**Brief**
Return the data. Every word must match.

[Web page caption snippets]

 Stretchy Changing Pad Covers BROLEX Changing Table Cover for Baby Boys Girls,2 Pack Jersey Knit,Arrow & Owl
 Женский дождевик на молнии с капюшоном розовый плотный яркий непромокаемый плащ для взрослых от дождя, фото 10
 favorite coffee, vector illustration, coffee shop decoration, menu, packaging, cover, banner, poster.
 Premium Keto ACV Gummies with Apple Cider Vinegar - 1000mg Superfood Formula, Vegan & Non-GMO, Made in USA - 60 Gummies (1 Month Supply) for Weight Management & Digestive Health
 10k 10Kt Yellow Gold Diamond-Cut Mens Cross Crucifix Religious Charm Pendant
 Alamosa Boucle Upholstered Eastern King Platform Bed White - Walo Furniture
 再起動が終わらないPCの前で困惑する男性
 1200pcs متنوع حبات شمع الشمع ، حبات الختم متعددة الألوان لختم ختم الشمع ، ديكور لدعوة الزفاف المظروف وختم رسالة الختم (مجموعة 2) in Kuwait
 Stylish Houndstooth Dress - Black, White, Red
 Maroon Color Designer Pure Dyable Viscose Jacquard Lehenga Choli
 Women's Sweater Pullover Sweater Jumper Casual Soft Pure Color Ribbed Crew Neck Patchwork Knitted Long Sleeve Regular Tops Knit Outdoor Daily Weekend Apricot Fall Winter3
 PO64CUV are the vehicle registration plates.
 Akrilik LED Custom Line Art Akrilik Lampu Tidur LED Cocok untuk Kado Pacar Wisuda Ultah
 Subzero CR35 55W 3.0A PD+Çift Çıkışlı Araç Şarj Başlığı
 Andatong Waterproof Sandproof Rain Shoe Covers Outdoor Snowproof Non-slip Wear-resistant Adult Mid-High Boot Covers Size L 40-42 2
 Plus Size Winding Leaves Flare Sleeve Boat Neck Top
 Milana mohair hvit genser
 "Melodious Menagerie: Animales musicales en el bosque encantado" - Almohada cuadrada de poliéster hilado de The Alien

**Answer area**
 Stretchy Changing Pad Covers BROLEX Changing Table Cover for Baby Boys Girls,2 Pack Jersey Knit,Arrow & Owl
 Женский дождевик на молнии с капюшоном розовый плотный яркий непромокаемый плащ для взрослых от дождя, фото 10
 favorite coffee, vector illustration, coffee shop decoration, menu, packaging, cover, banner, poster.
 Premium Keto ACV Gummies with Apple Cider Vinegar - 1000mg Superfood Formula, Vegan & Non-GMO, Made in USA - 60 Gummies (1 Month Supply) for Weight Management & Digestive Health
 10k 10Kt Yellow Gold Diamond-Cut Mens Cross Crucifix Religious Charm Pendant
 Alamosa Boucle Upholstered Eastern King Platform Bed White - Walo Furniture
 再起動が終わらないPCの前で困惑する男性
 1200pcs متنوع حبات شمع الشمع ، حبات الختم متعددة الألوان لختم ختم الشمع ، ديكور لدعوة الزفاف المظروف وختم رسالة الختم (مجموعة 2) in Kuwait
 Stylish Houndstooth Dress - Black, White, Red
 Maroon Color Designer Pure Dyable Viscose Jacquard Lehenga Choli
 Women's Sweater Pullover Sweater Jumper Casual Soft Pure Color Ribbed Crew Neck Patchwork Knitted Long Sleeve Regular Tops Knit Outdoor Daily Weekend Apricot Fall Winter3
 PO64CUV are the vehicle registration plates.
 Akrilik LED Custom Line Art Akrilik Lampu Tidur LED Cocok untuk Kado Pacar Wisuda Ultah
 Subzero CR35 55W 3.0A PD+Çift Çıkışlı Araç Şarj Başlığı
 Andatong Waterproof Sandproof Rain Shoe Covers Outdoor Snowproof Non-slip Wear-resistant Adult Mid-High Boot Covers Size L 40-42 2
 Plus Size Winding Leaves Flare Sleeve Boat Neck Top
 Milana mohair hvit genser
 "Melodious Menagerie: Animales musicales en el bosque encantado" - Almohada cuadrada de poliéster hilado de The Alien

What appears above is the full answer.